---- RECORDED INFORMATION

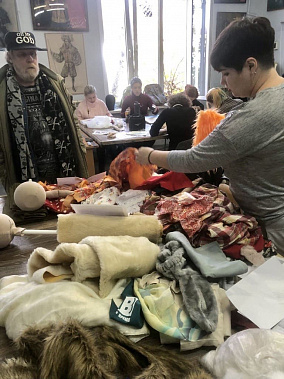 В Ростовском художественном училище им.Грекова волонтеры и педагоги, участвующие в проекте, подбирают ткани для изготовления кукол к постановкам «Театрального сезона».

--------
---- RECORDED INFORMATION

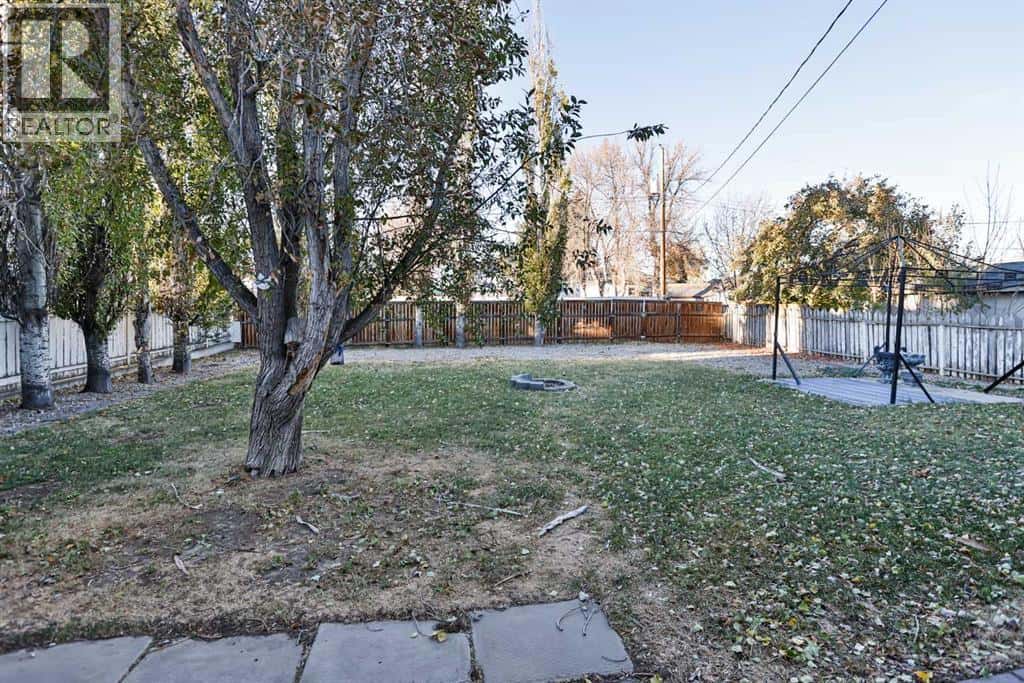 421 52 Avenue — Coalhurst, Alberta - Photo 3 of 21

--------
---- RECORDED INFORMATION

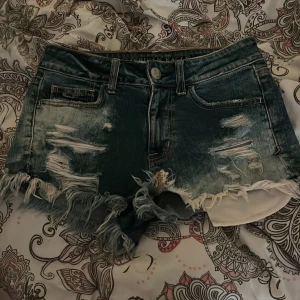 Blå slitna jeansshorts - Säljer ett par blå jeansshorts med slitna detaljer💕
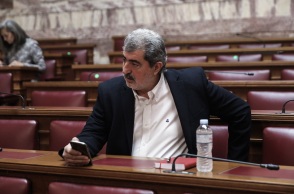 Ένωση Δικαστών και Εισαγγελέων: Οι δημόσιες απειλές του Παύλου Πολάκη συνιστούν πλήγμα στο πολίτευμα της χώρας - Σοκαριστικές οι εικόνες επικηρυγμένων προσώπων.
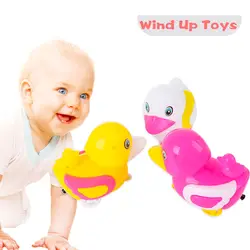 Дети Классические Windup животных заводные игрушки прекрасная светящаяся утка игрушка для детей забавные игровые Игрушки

--------

▶ **DIRECTIONS FOR THIS TASK**
Above are records; write out the lines from the one with "Ένωση Δικαστών και" down to the one with "Дети Классические Windup", exactly, leaving the pictures out.

▶ **RESULT FOR THIS EXERCISE**
 Ένωση Δικαστών και Εισαγγελέων: Οι δημόσιες απειλές του Παύλου Πολάκη συνιστούν πλήγμα στο πολίτευμα της χώρας - Σοκαριστικές οι εικόνες επικηρυγμένων προσώπων.
 Дети Классические Windup животных заводные игрушки прекрасная светящаяся утка игрушка для детей забавные игровые Игрушки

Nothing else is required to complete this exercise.